Recently, these themes moved Hamilton back into public consciousness. A few years after Ron Chernow wrote his exceptional biography, Lin-Manuel Miranda, a multi-talented first generation American, had his original hip-hop “Hamilton” storm onto Broadway. I’m just a country girl, so I didn’t know that until I’d just finished editing an old in-the-drawer story, A Master Passion.
Frankly, as a long time Hamiltonian, Lin-Manuel’s show cheers me. Here in the 21st Century, while McLuhan’s medium works a sea change upon us, it’s probably the perfect way to communicate the story of this extraordinary man, one we were lucky to have had present at America’s founding.

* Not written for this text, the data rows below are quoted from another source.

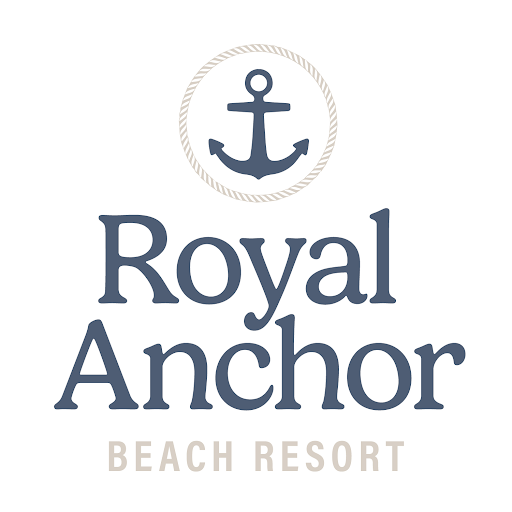 Royal Anchor Beach Resort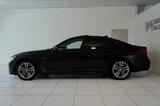 BMW 750 i xDrive *M-SPORT*PURE-EXCELLENCE*B&W*LASER* - BMW 750: I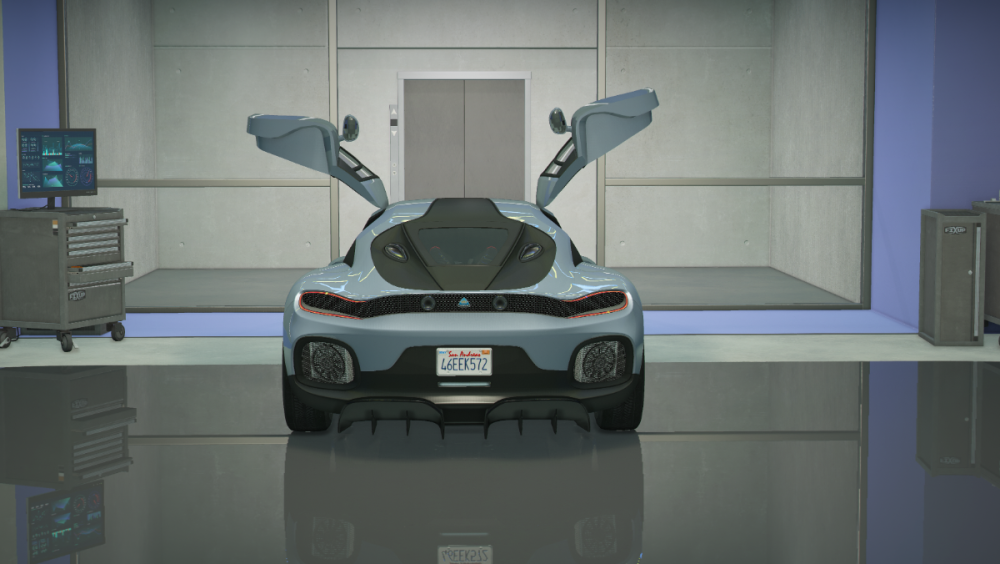 Grand Theft Auto V Screenshot 2025.12.15 - 14.09.22.36.png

We all work in the medium with which we’re familiar. The one I know best is that of an aged and hybrid genre—the historical novel. I’ve written about another great man’s spouse in “Mozart’s Wife” and so naturally Hamilton’s Betsy became a large part of A Master Passion as well. Her life, as well as his, sometimes reads like fiction. Study of the “founding mothers” is (and will probably remain) a minor specialty, simply from a lack of material. 18th Century women hoped to preserve their privacy by destroying personal letters, so very often I’ve had to infer what might have been going on in someone’s head, or elaborate and fictionalize from tidbits of information gleaned during the long time of research.
Hamilton is such a protean character that in order to produce a coherent whole I’ve had to omit whole episodes—important people and places—or conflate events, which I hope readers will forgive. I wanted to focus on the relationship.
Sadly, Hamilton was scarred by childhood violence, poverty and humiliation. He could be vain and brash, impatient with slower minds. He injured his friends and family with a sordid love-affair. His insecurity and his rage toward the enemies who dragged his good name through the mud caused the political missteps which destroyed the Federalist Party. He might even be seen as the engineer of his own death.
So that’s my subject: a great man with Shakespearean fatal flaws. I’ve tried to I tackle these his and hers blockbuster of a lives in my own way, often through the POV of his loving and occasionally dismayed wife and the medium of an old-fashioned historical novel.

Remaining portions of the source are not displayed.